# New Keyboard. Any Advice?



## Pianoforte

I recently got hold of an Emu Proteus MPS + Orchestral keyboard after not having a keyboard at home for several years. I can't describe how good it is to play despite it being made in 1993. Its velocity sensitive with aftertouch and it has a wonderful grand piano sound but its not hammer action and sometimes I can sound a note too loud just by a tiny overhit which couldn't happen on a real piano. The advantage of no hammer action for me though is that my fingers have always had a problem with the weight of Piano keys and they don't get as tired on a keyboard. Its a controller keyboard with extensive MIDI capabilities and as such has no sequencer. I'm ashamed to say I have no experience with MIDI but I'm reading up on it now and will be rigging the keyboard up to my PC via MIDI so I can start recording. I need a sustain pedal for it as well. 

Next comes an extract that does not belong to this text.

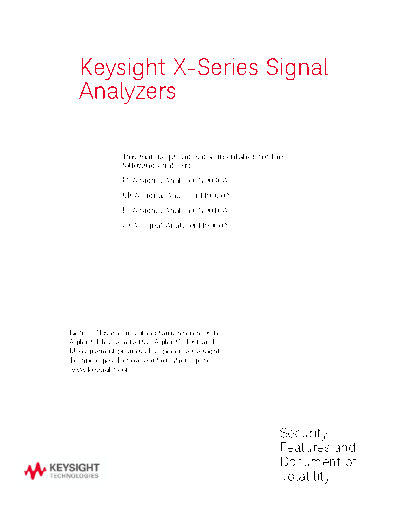 N9020-90124 X-Series Signal Analyzer Security Features and Certificate of Volatility [64]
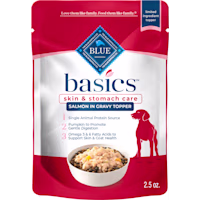 Blue Buffalo Blue Basics Skin & Stomach Care, Salmon in Gravy Natural Wet Dog Food Topper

I can't read/write music and have always written pieces in crude symbols to denote basic paragraps. What I really want to do is compose a piece perhaps about 8-10 minutes long. I have the music its just the arrangement I've never been disciplined enough to do. Set it in stone with notes on a page. I've been listening to Chopin a lot and he is a huge influence.

If you have any advice on the composition or MIDI or hooking it to my PC or any PC software or anything else it would be gratefully recieved. I'm in no hurry to complete it but would welcome any tips to help me along the way. 

Many Thanks

Jamie


----------



## Guest

In my experience with MIDI it can be very frustrating. The problem is it writes the music EXACTLY as you play it, as it is intended to do. The problem with the is that rarley anyone keeps perfect time, and any kind of expression was also hard for me to get right. This could be becuase i had mid to lower end software but it has still tainted my perception of MIDI composing. If you can figure it out go for it and i wish you good luck with MIDI and good luck with the composition.


----------



## charlesrowan

Jamie,

1st you need a midi interface to comunicate with the module and computer. I use a Tascam interface. Any large music sore (sam Ash, Guitar Center, ect) should have a selection and the salesmen can help you. 2nd a MIDI controler to play the modle I would go with a 61 note full size key, again the large music stores should have these in stock. Since they are not synth or ditigal pianos it will probally run from $300-500. 3rd program PC-Band in a box, Apple-Garage Band. Both programs should be suitalbe for what you are doing. Hope this helps

chuck rowan


----------